BREAKING NEWS & VIEWS
Condé Nast Taking Brides Bimonthly, Boosts Mobile Interaction
Thursday, August 2, 2012
Print challenged as the brand looks to ramp up engagement through digital.
Brides is ratcheting back its print brand and investing more in its digital presence with a mobile-enhanced website. The 300,000-circ magazine is dropping down to a bimonthly frequency and the site will become fully mobile compatible and feature new tools and functionality to drive more engagement.The magazine's last monthly issue will be December, with a January-March issue after that and then the bimonthly schedule will kick in with the April/May issue.
The site enhancements include new image galleries and more interactive tools like check-lists and countdowns as well as features that allow users to contribute and share content from web to mobile and back again. Brides.com averages about 1.2 million monthly uniques, according to the company.
The digital build-out fits with Condé's digitally-focused strategic plan, and Brides publisher Michelle Myers says that the combined editorial and business oversight of both digital print properties is a helpful structure to push through the dual platform changes.

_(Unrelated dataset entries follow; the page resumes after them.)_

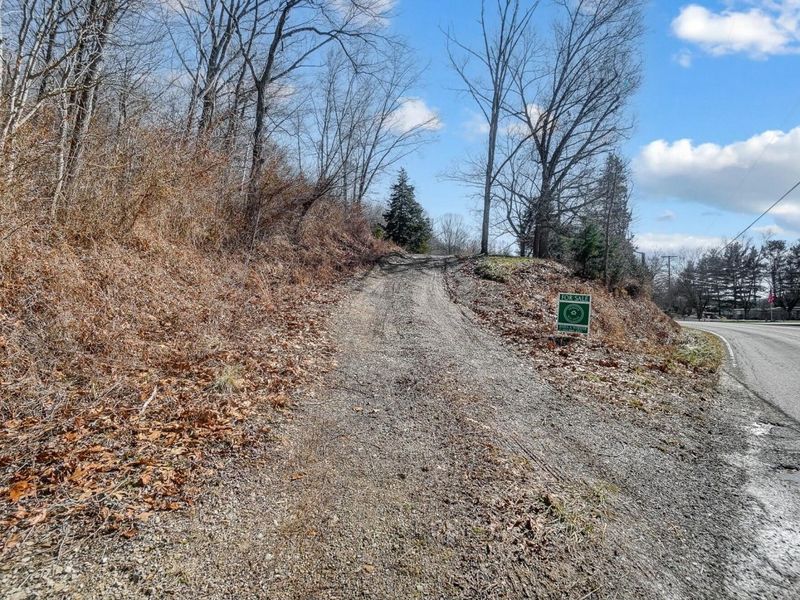 3272 Black Run Road, Chillicothe, OH 45601 Photo 2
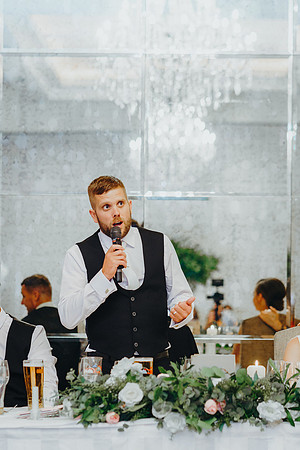 Marie  Jonathan Wedding-694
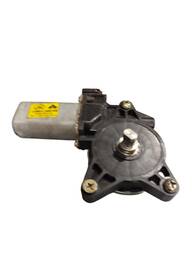 motor vidro esquerdo jac j5 2012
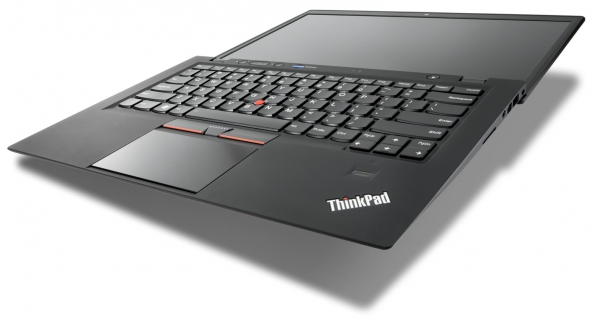 Lenovo ThinkPad X1 Carbon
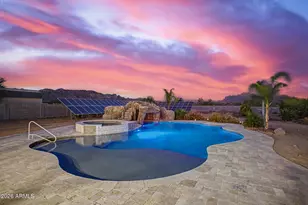 1505 N 107th Pl, Mesa, AZ 85207 - Photo 53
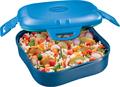 Lunch box, MAPED PICNIK 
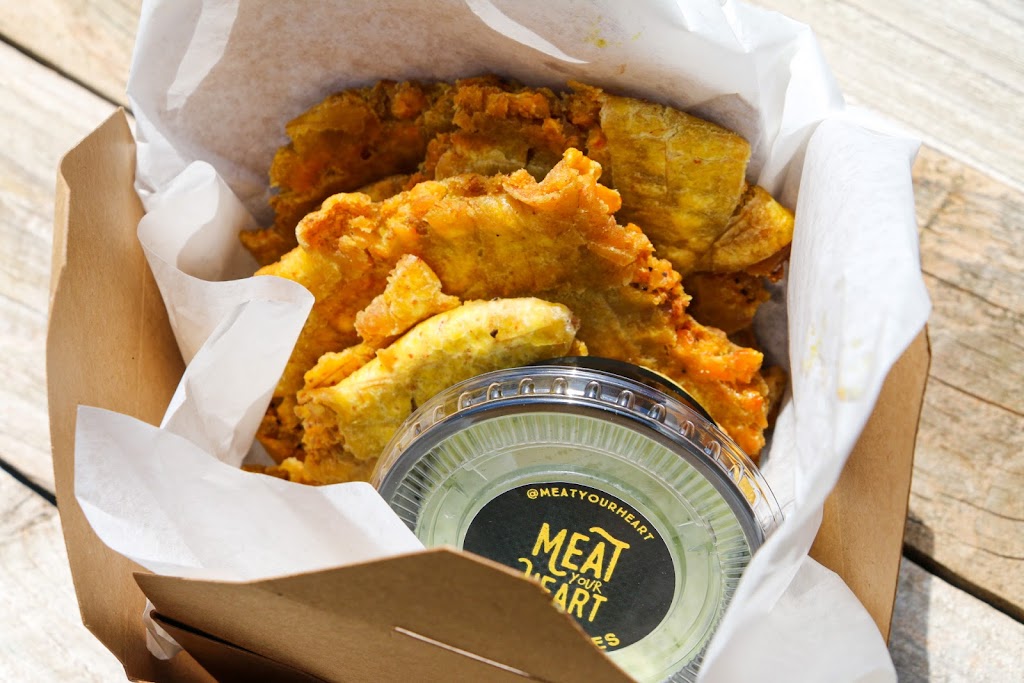 Meat your Heart | restaurant | 5610 N Interstate Hwy 35, Austin, TX 78751, USA | 5127406920 OR +1 512-740-6920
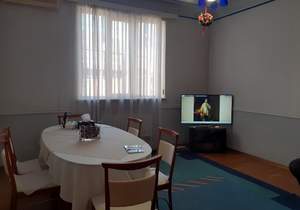 Дом 118м², 1-этажный, участок 3 сот.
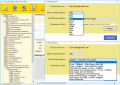 Migrate Office 365 to EML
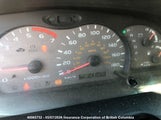 Toyota Sequoia Limited 5TDBT48A54S217244 снимка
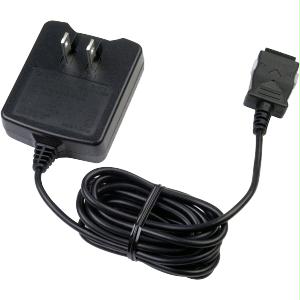 Kyocera SE47/SE44 Slider OEM Travel Char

In a recent interview with Folio:, Condé Nast CTO Joe Simon noted the company's push to re-integrate digital and print initiatives under a combined team structure.

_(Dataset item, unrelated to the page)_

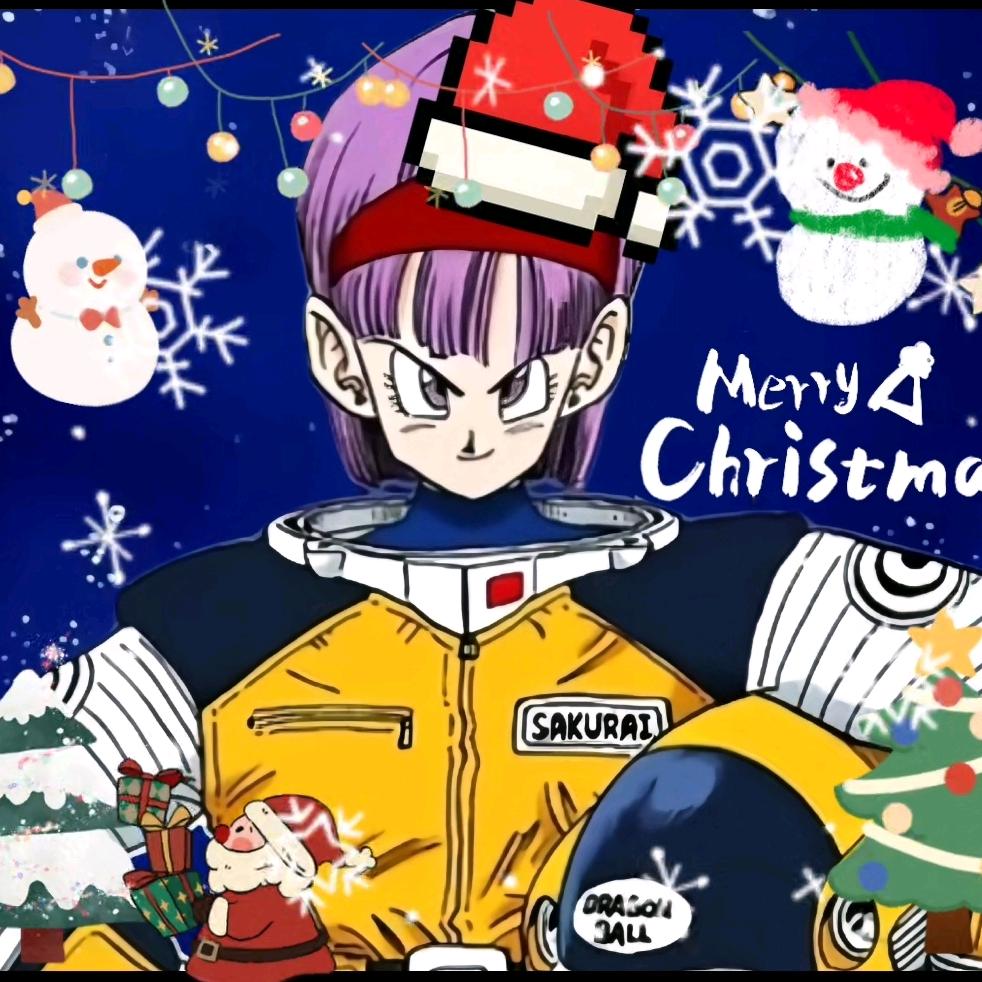 DB.SAKURAI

The magazine has been struggling on the newsstand and with advertising. Single copy sales are down 28 percent in the first half compared to the same period last year, per ABC—a contributing factor to the frequency change, Myers tells WWD. And ad pages are down about 11 percent through July, per Folio: sister brand min boxscores.
Indeed, when the magazine went monthly back in early 2010, the idea was to drive more subscriptions. But with the newsstand now particularly challenged across the board, the bimonthly frequency is an attempt to preserve subscriptions, give advertisers more time on the newsstand and address the changing ways readers interact with the brand.

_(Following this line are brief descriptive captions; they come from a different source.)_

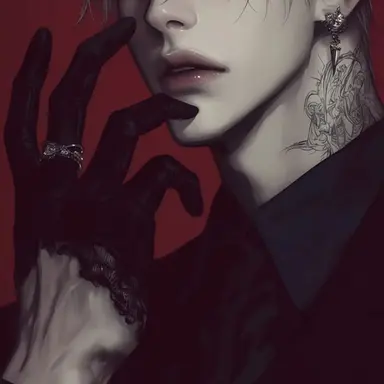 Profile image of 루슬란 막심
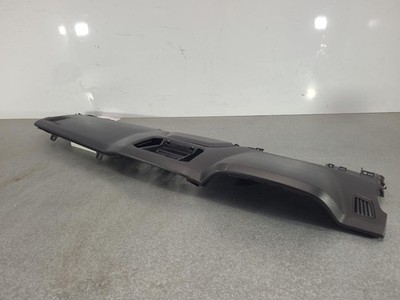 Ford Ranger PX Dash Assembly Vinyl 2015–2022 - Image 2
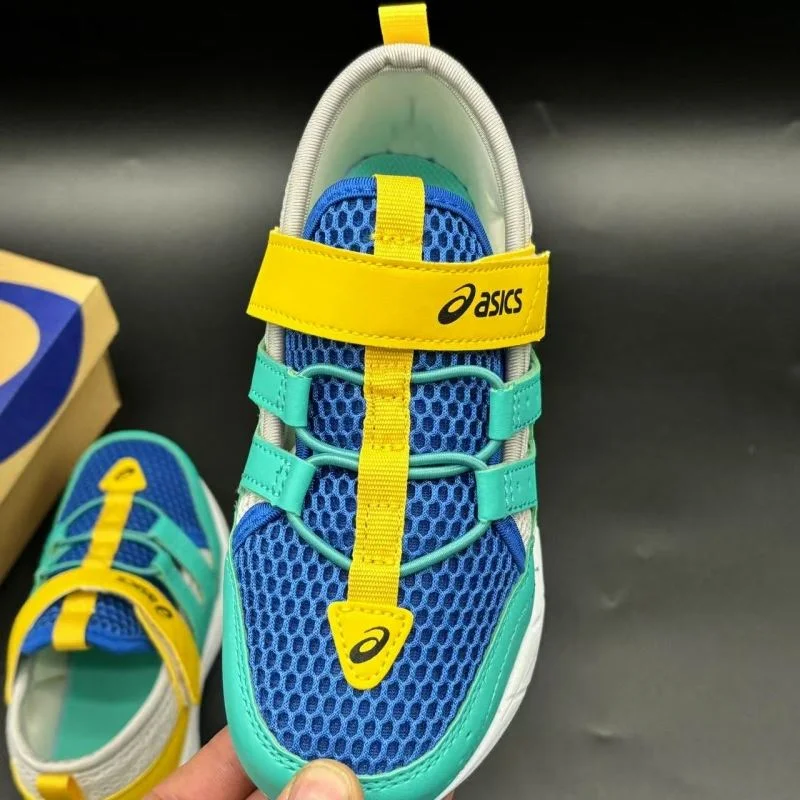 EasyCare ASICS SHOES 29386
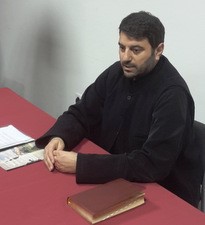 Na korizmenoj tribini o Makedonskoj pravoslavnoj crkvi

After examining reader engagement with Brides, the team learned that readers use the magazine for broader inspiration and information on wedding planning. The website, however, served the higher frequency, bit-sized information needs, with readers spending an average of 23 hours per week on the Web for wedding research.
“This change in frequency and the enhancements to the website really go hand in hand," Myers says. "What we’ll be providing is a fully optimized digital experience for this consumer. She’s not a shopper, she’s a buyer. She has a plan and a deadline and she wants to look at thousands of dresses, save and share ideas, and return again and again to the tools, to the boards and to the magazine as the key elements of her wedding come together.”